Ms. Kazungu enjoys exploring the national parks, vast green spaces and, mountains in Northern Virginia, and her hometown of Kenya. She likes hiking and has explored trails including the Pipiwaii Trails in Hawaii and the Tsavo National Park in Kenya. You may contact Ms. Kazungu by e-mail at ckazungu [at] umd.edu.
Ms. Goger is a Senior Lecturer in Environmental Science and Policy (ENSP). She teaches ENSP 102 - Introduction to Environmental Policy, ENSP 330 - Introduction to Environmental Law, and ENSP400 - Capstone in Environmental Science and Policy.
Ms. Goger received her B.A. in History from Duke University and her J.D. from the University of Maryland School of Law, where she concentrated in Environmental Law and was an articles editor of the Maryland Law Review.

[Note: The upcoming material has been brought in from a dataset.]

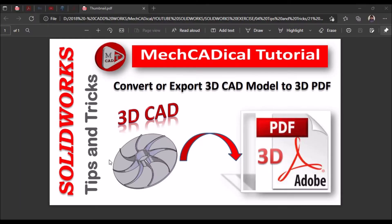Hi, today I am going to explain how to convert or export a 3D CAD model to 3D PDF. Let's start now.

After graduating from law school, Ms. Goger clerked for U.S. District Judge Frederic N. Smalkin and went on to serve as a trial attorney in the Environment and Natural Resources Division of the U.S. Department of Justice. While there, she litigated cases involving the Florida Everglades and the Klamath River Basin in Oregon, which provide interesting case studies in her courses.
In addition to teaching in ENSP, Ms. Goger has also taught a Biodiversity Protection seminar at the University of Maryland School of Law, and regularly advises ENSP Honors students whose topics involve environmental law.
Ms. Goger’s appreciation for the environment grows out of her love for the diverse environmental resources of the state of Maryland. She grew up hiking and camping near Frederick and now enjoys exploring the Severn River and Chesapeake Bay with her husband and three young children. You may contact Ms. Goger by e-mail at jgoger [at] umd.edu, by calling 301.405.4104, or by leaving a message in the ENSP office.
Dr. Hill is a professor of Soil Science in the Department of Environmental Science and Technology, where he advises ENSP-Soil, Water and Land Resources students. His primary research investigates tillage effects and nutrient management in agricultural soils and turf. He teaches ENST413 - Soil and Water Conservation and ENST417 - Soil Hydrology and Physics.
Dr. Hill received his B.S. in Zoology and M.S. in Soil Science from North Carolina State University; and his Ph.D. in Soil Physics from Iowa State University. You can reach Dr. Hill be e-mailing rlh [at] umd.edu or calling 301.405.1347.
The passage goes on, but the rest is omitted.